About the job
Speechify builds text-to-speech tools that help over 50 million people turn written content, like PDFs, books, Google Docs, news, and web pages, into audio. Our mission is to make reading accessible for everyone. Industry leaders have recognized our work: Google named us Chrome Extension of the Year, and Apple awarded us the 2025 Design Award for Inclusivity.
Our distributed team spans nearly 200 professionals worldwide. Engineers, AI researchers, and specialists join us from organizations such as Amazon, Microsoft, Google, Stripe, Vercel, Bolt, and top academic programs including Stanford. We operate fully remotely, with no central office.
Role Overview
Speechify’s AI division is hiring a Software Engineer focused on Data Infrastructure & Acquisition.
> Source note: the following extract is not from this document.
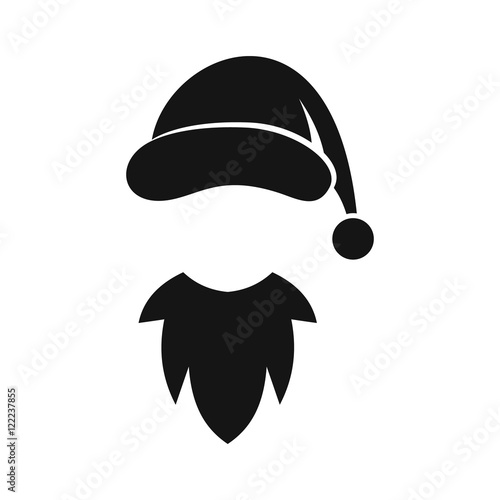 Cap with pompon of Santa Claus and beard icon in simple style on a white background vector illustration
This position centers on building and maintaining the systems that collect and manage the vast datasets needed for training our machine learning models. The work blends infrastructure, engineering, and research to support data operations at petabyte scale.
What You Will Do
- Find and connect new audio data sources to our ingestion pipeline.
- Maintain and improve our data ingestion infrastructure, using Google Cloud Platform (GCP) and Terraform.
- Collaborate with scientists to optimize data cost, throughput, and quality for model improvement.
- Work with the AI team and company leadership to shape the dataset roadmap for future products.
Location
This role is based in Kochi, India.